Nos recibe en su despacho, un pequeño bar-restaurante de Camelle, rincón gallego y marinero en la Costa da Morte. Las paredes se adornan con unas pocas fotografías del puerto en los años cincuenta y de aquél petrolero que en frente se partió. Despacho profesional, porque esa es su profesión, marinero de las profundidades.
Si recorres su cuerpo doblado como los eucaliptus de los montes que visten el cabo donde nació (nunca fue más lejos que A Coruña), observas muñones donde deberían existir sólo articulaciones. Delatan la dureza de la compresión/descompresión propia y repetida del oficio de buzo recolector de erizos de mar.

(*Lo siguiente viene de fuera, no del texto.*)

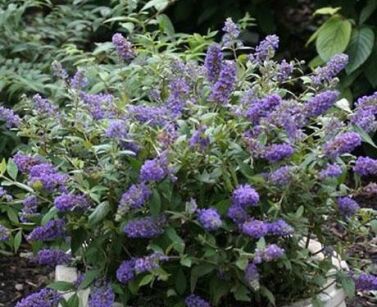 Budleja karłowa 'BLUE CHIP'® Buddleja /C3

Al levantarse para acompañarnos hasta la costa, el bastón que le ayuda, explica sin necesidad de ver, que los pies y rodillas estarán seguro en las mismas condiciones.

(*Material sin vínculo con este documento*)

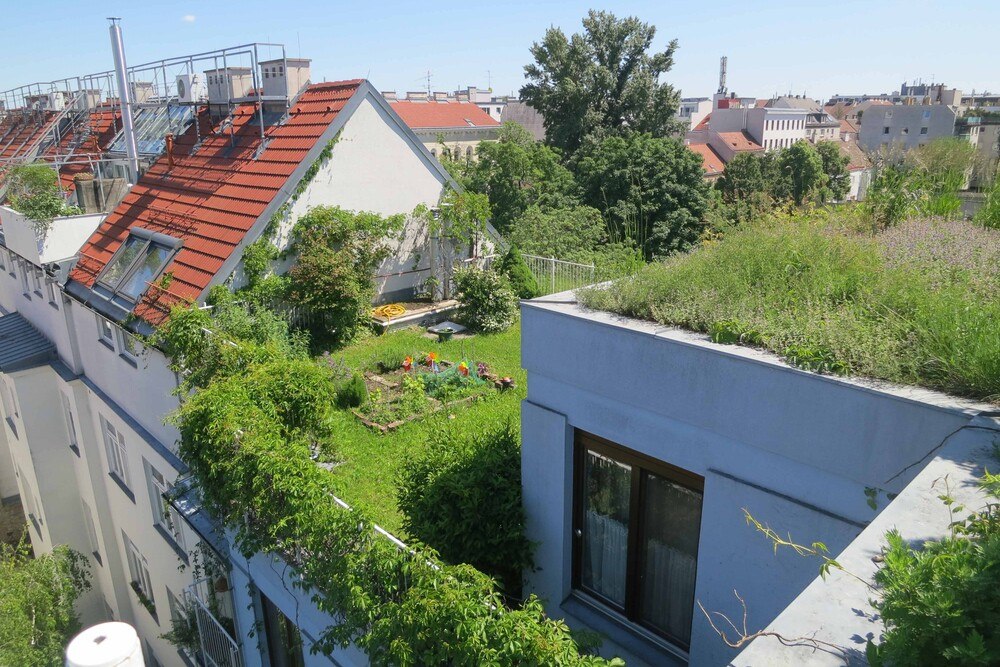 © Grünstattgrau/Gruchmann
Intensive Dachgärten in urbanen Räumen sorgen für mehr Grünfläche und Rückzugs-orte für die Bewohner*innen.
Intensive Dachgärten in urbanen Räumen sorgen für mehr Grünfläche und Rückzugs-orte für die Bewohner*innen.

Paco con 57 años y tanta artrosis sigue activo. ―Me gustaría llegar a la edad de la jubilación para tener una pensión digna, ―nos explica. Aunque ―puntualiza― tengo un buen trabajo y soy rico pues dispongo en usufructo del Sol que sale para mí sin falta.
Alcanzamos el dique nuevo que un político clientelista ‘les construyó’. Paco quiere que conozcamos a su amigo Man (‘el Alemán’). Un pequeño y muy delgado ser que durante más de cuarenta años allí habitó, en una caseta frente al mar, sin nada excepto un taparrabos, millones de olas y rocas con las que hizo un jardín de ranas inmóviles, cangrejos gigantes de piedra o montañas cubistas, en ofrenda a la mujer amada.
Paco señala una roca teñida de negro y nos recuerda que en estos días se cumplen nueve años del chapapote, del Prestige, de las gaviotas muertas, de los hilitos de plastilina y de una crisis que Mariano Rajoy ―ese que dice nos sacará de la crisis, no supo resolver. Y las crisis ecológicas ―esas nos afectan ahora y después.
Man decidió morirse el día de los Inocentes del 2002, pocos días después del gran vómito petrolero del Prestige. ―Sus esculturas ―dice Paco― adoptaron un color negro muerte que él, inocente, no imaginó jamás.